++++ Data shown ++++

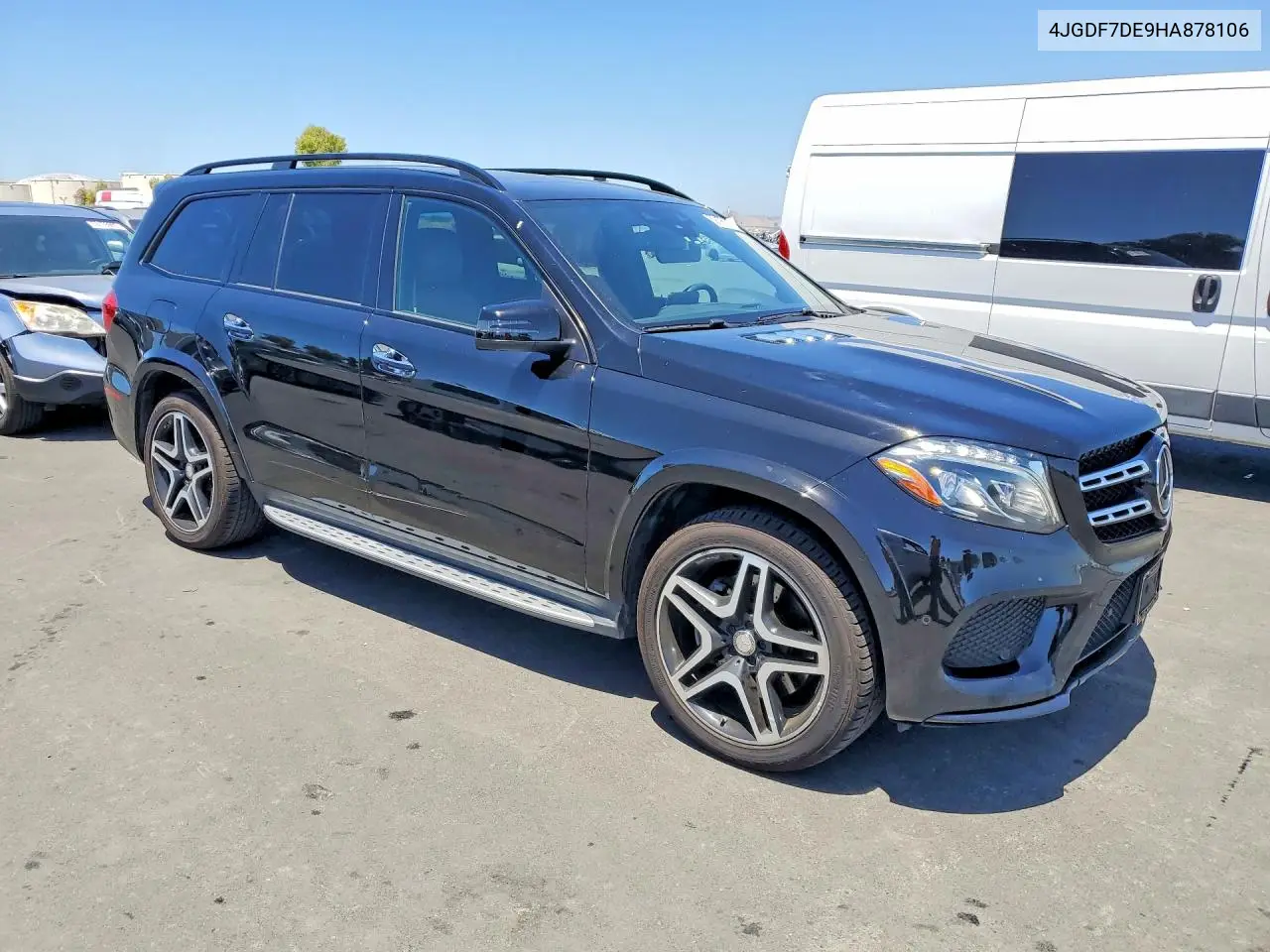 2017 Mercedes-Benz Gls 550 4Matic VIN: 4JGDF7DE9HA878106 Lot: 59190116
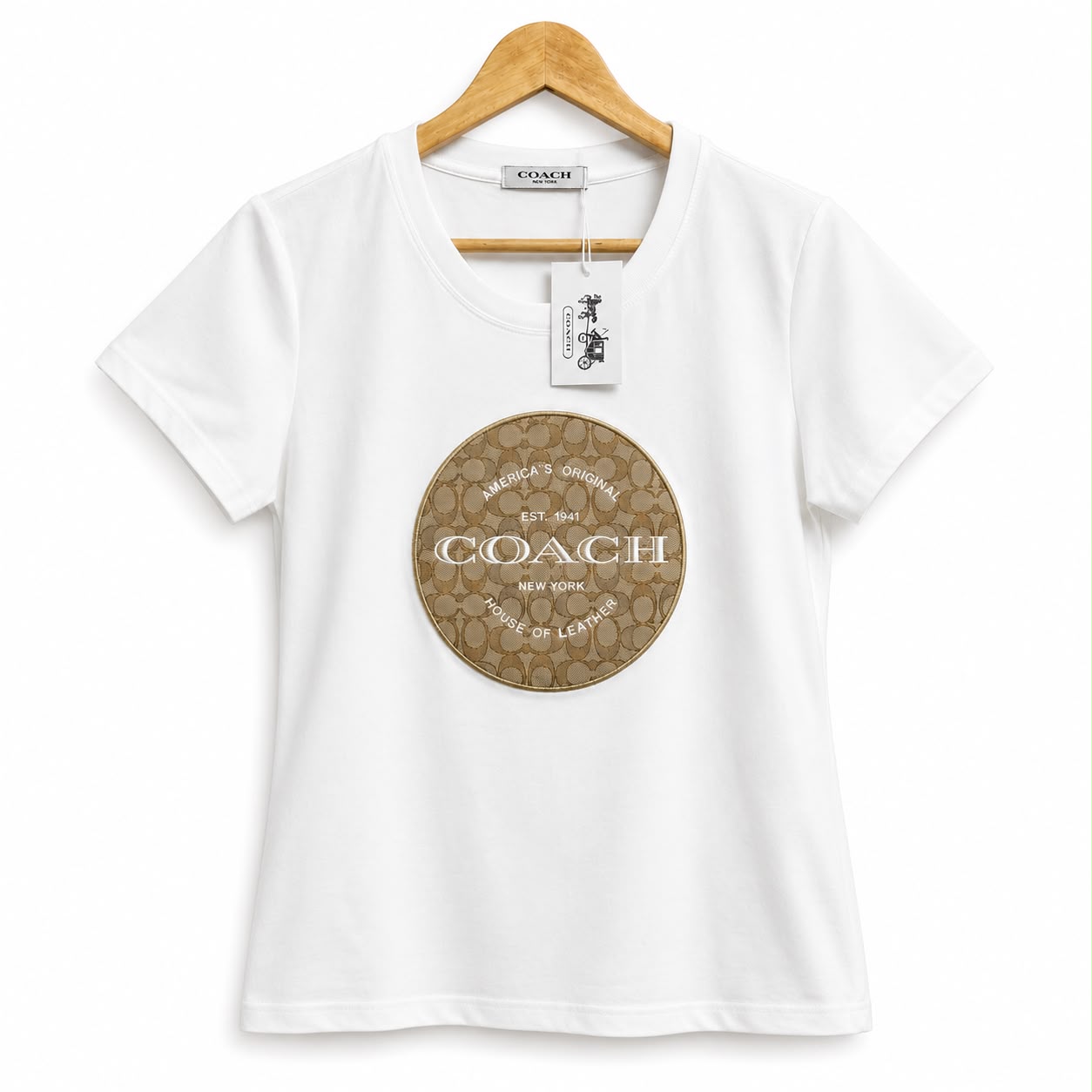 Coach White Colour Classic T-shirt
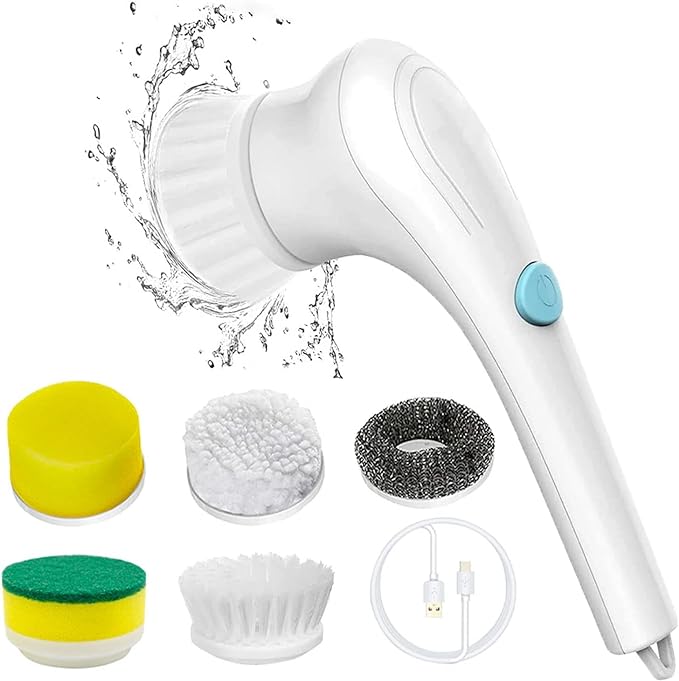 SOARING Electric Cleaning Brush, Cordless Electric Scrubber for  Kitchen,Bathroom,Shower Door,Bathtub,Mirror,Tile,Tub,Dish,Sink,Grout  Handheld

++++

Your goal
Each line above is to be repeated exactly as written; no picture is carried over.

Expected answer
 2017 Mercedes-Benz Gls 550 4Matic VIN: 4JGDF7DE9HA878106 Lot: 59190116
 Coach White Colour Classic T-shirt
 SOARING Electric Cleaning Brush, Cordless Electric Scrubber for  Kitchen,Bathroom,Shower Door,Bathtub,Mirror,Tile,Tub,Dish,Sink,Grout  Handheld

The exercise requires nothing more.